The Flashline Mars Arctic Research Station (FMARS) was established in 2000 in the territory of Nunavut, Canada. This station is the first Mars analog created by the Mars Society, a space advocacy group established in August 1998. Since the beginning of field operations in April 2001, twelve separate crews (consisting of 6–7 personnel, each) have inhabited the station. While most missions lasted less than a single month, FMARS Crew 11 remained in the Martian simulation for 100 days.

FMARS is guided by three goals set by the Mars Society: to serve as a testbed for human Mars exploration, to serve as a useful research facility at a Mars analog site, and to generate public support for sending humans to Mars. Research conducted by crewmembers while living in the habitat include an analysis of subsurface water detection techniques. Crewmembers set up seismic sensors along the Haughton crater while wearing prototype space suits, then tested how the sensors reacted to mini-earthquakes (produced by a sledgehammer) to produce a three-dimensional subsurface map.

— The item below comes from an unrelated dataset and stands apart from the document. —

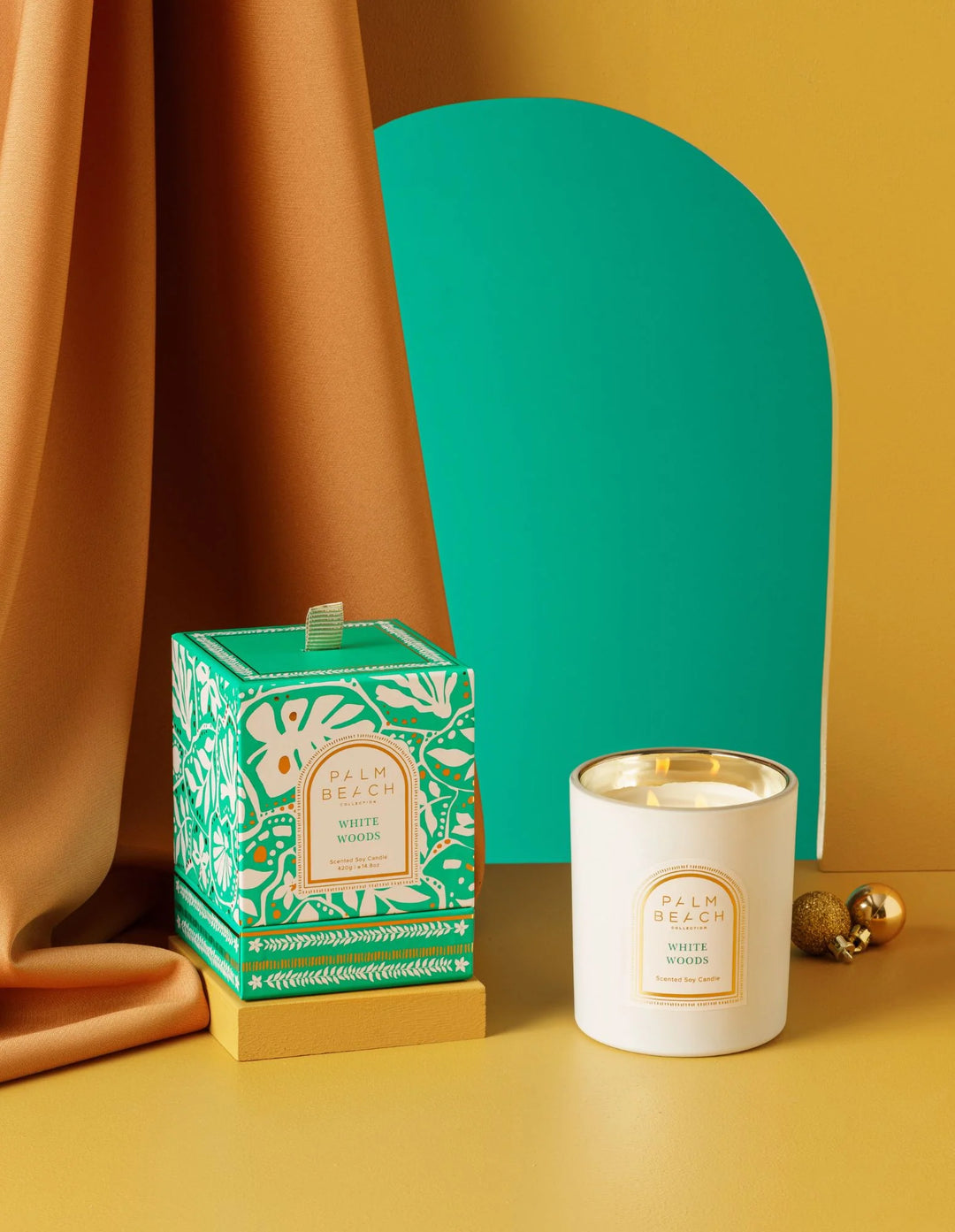 Palm Beach Collection Standard Candle 420g White Woods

Additional experiments examined how well the FMARS crewmembers could work with an “Earth-based” remote science team. In one example, the remote science team used aerial images to select ten regions of scientific interest for the FMARS crew to explore and analyze. This experiment helped researchers determine more efficient methods of scouting and investigating locations of interest under the communications limitations of a crewed mission to Mars. A study performed on the FMARS crew of July 2009 examined the psychological difficulties faced by crewmembers (especially the effects of isolation from family, conflicts among crewmembers, and diet) as well as the positive effects of problem-solving and exploration.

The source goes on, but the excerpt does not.